3. Format Namenode, execute
Bin/hadoop Namenode-format

4. Start Hadoop
Execute hadoop/bin/start-all.sh, start Namenode,datanode,jobtracker,tasktracker on the local machine

5. Now put the log file to be found in HDFs.
Performing Hadoop/bin/hadoop Dfs can see the file operation instructions it supports.
Execute hadoop/bin/hadoop DFS put log file in, the log file directory is placed in HDFs/user/user-name/in directory

  6. Now to perform the grep operation
      Hadoop/bin/hadoop Demo.hadoop.HadoopGrep in Out
       View the run log in hadoop/logs/before performing it again. Run Hadoop/bin/hadoop Dfs rmr out delete directory.

  7. Run hadoop/bin/stop-all.sh end

  3.3 Cluster run mode
  assume that the 2nd machine name is Hadoopserver2
  1. Create the same execution user as hadoopserver. Extract Hadoop to the same directory.

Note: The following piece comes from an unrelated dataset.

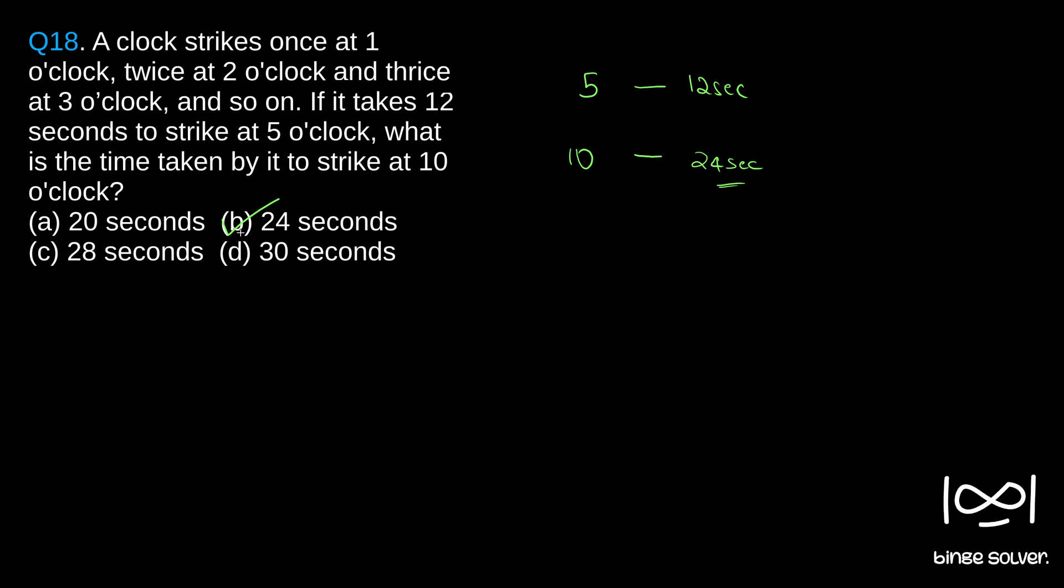It takes 24 seconds to strike at 10 o'clock, 10 strikes. 24 seconds.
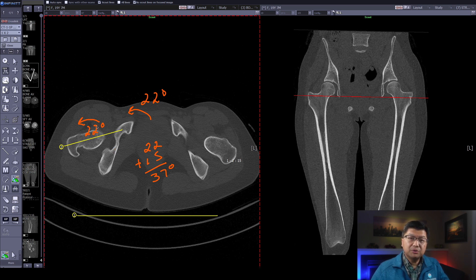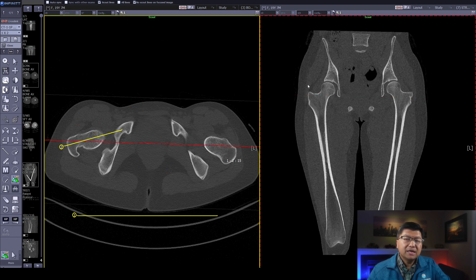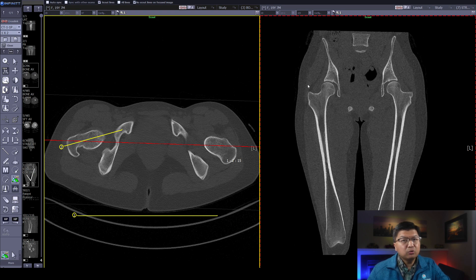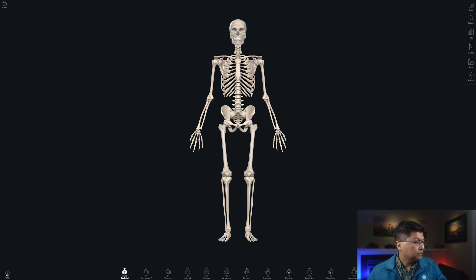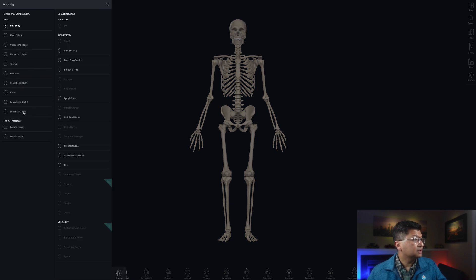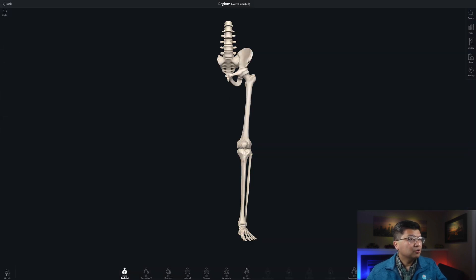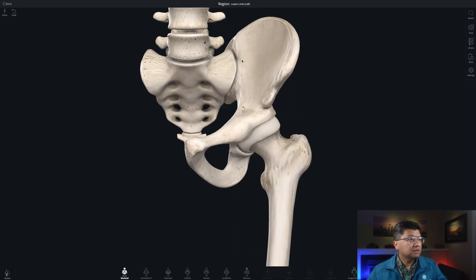Now let's move on to measuring the femoroacetabular alpha angle. Before we actually make the measurements, I want to show you a little bit of 3D anatomy to give you an idea of exactly where we're making that measurement and why. Here's a 3D model of the bones — I'm going to show just the pelvis and the femur, concentrating on the left lower limb, and zoom in to give you better anatomical detail.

  2. The same modification of the Java_home in haoop-env.sh and 3.2 of the same hadoop-site.xml

  3./home/in Hadoopserver Username/.ssh/authorized_keys copy to Hadoopserver2 to ensure hadoopserver can login without password Hadoopserver2
     scp/home/username/.ssh/authorized_keys  Username@hadoopserver2:/home/username/.ssh/authorized_keys
&NBSP
  4. Modify Hadoop-server hadoop/conf/slaves file, increase cluster node, change localhost to
    hadoop-server
    hadoop-server2

  5 hadoop-server execute hadoop/bin/start-all.sh
   will start Namenode,datanode,jobtracker,tasktracker in Hadoop-server
   start in Hadoop-server2 datanode and Tasktracker
 
  6. Now to perform the grep operation
     hadoop/bin/hadoop Demo.hadoop.HadoopGrep in Out
    run Hadoop/bin/hadoop Dfs rmr out delete out directory

  7 before running again. Run Hadoop/bin/stoP-all.sh end.
   

Iv. Efficiency

After testing, Hadoop is not a panacea, depending on the size and number of files, the complexity of processing and the number of clustered machines, the associated bandwidth, when the above four are not large, Hadoop advantage is not obvious.
For example, do not use Hadoop Java write a simple grep function to process 100M log files as long as 4 seconds, with the Hadoop local mode of operation is 14 seconds, the use of Hadoop stand-alone cluster is 30 seconds, with a dual-machine cluster 10M network port is slower, Slow to be embarrassed to speak out.

Related Article

Contact Us

The content source of this page is from Internet, which doesn't represent Alibaba Cloud's opinion; products and services mentioned on that page don't have any relationship with Alibaba Cloud. If the content of the page makes you feel confusing, please write us an email, we will handle the problem within 5 days after receiving your email.

If you find any instances of plagiarism from the community, please send an email to: info-contact@alibabacloud.com and provide relevant evidence. A staff member will contact you within 5 working days.

A Free Trial That Lets You Build Big!

Start building with 50+ products and up to 12 months usage for Elastic Compute Service

  • Sales Support

    1 on 1 presale consultation

  • After-Sales Support

    24/7 Technical Support 6 Free Tickets per Quarter Faster Response

  • Alibaba Cloud offers highly flexible support services tailored to meet your exact needs.